- **How to complete this task**: Set down a true copy of the data, with all pictures left out.

#### Given information ####

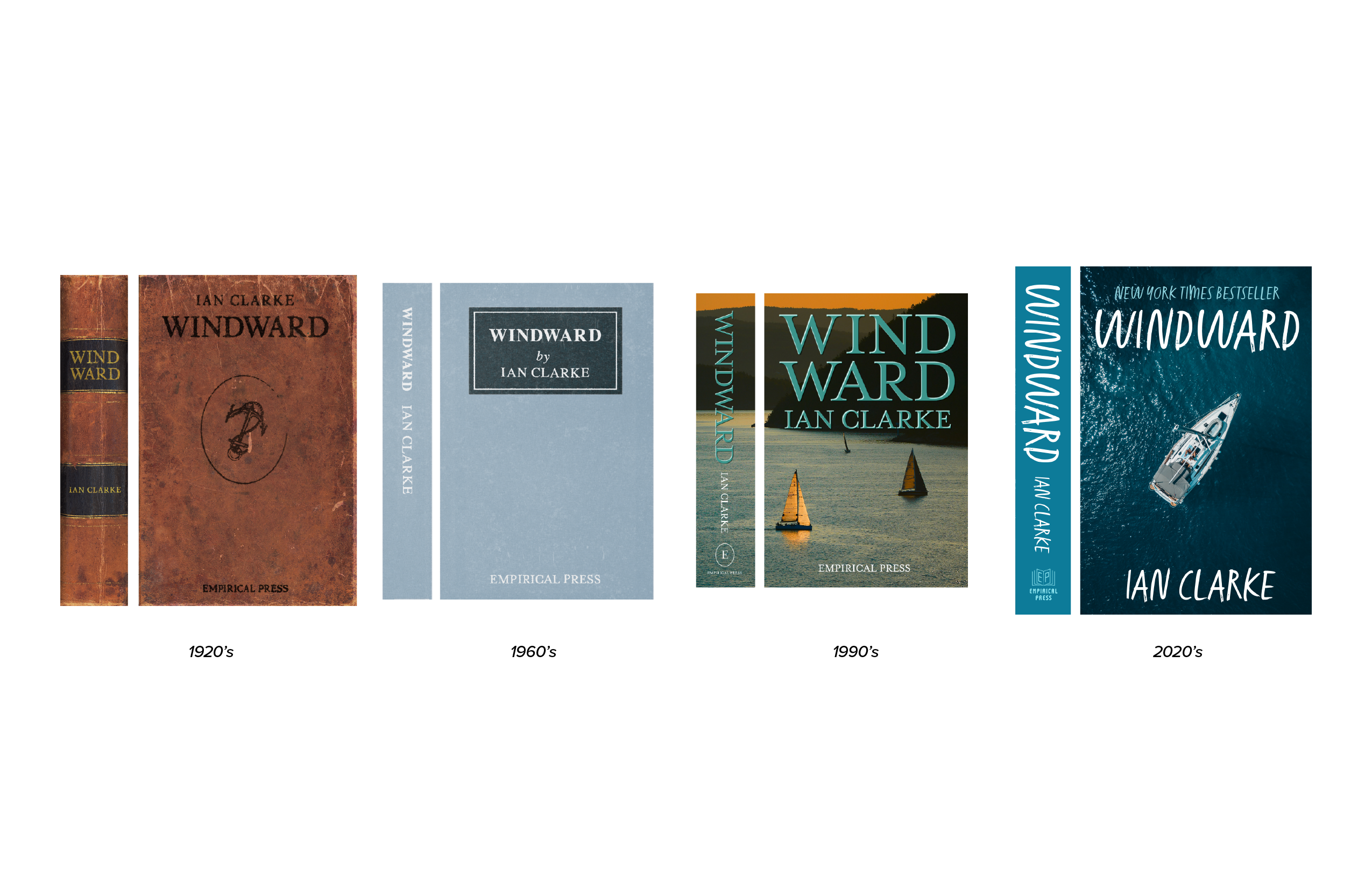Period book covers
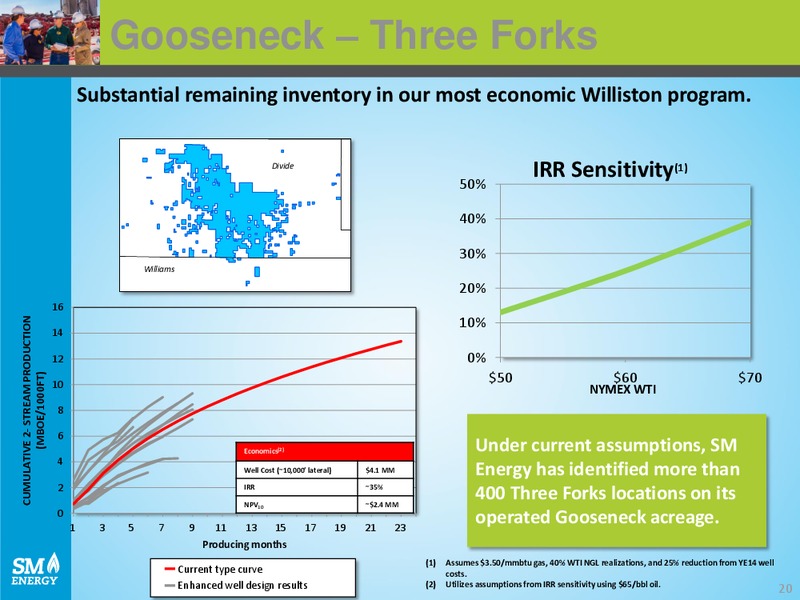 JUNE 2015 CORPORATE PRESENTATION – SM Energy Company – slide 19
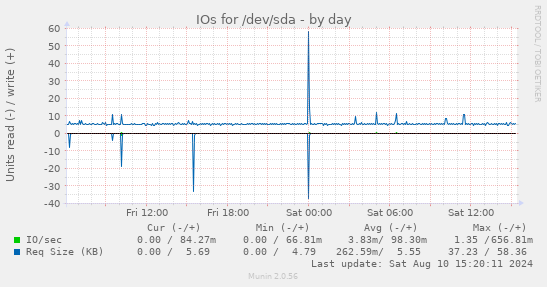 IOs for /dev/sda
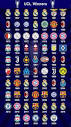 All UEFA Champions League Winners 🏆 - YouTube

####

- **Exercise output**:
Period book covers
 JUNE 2015 CORPORATE PRESENTATION – SM Energy Company – slide 19
 IOs for /dev/sda
 All UEFA Champions League Winners 🏆 - YouTube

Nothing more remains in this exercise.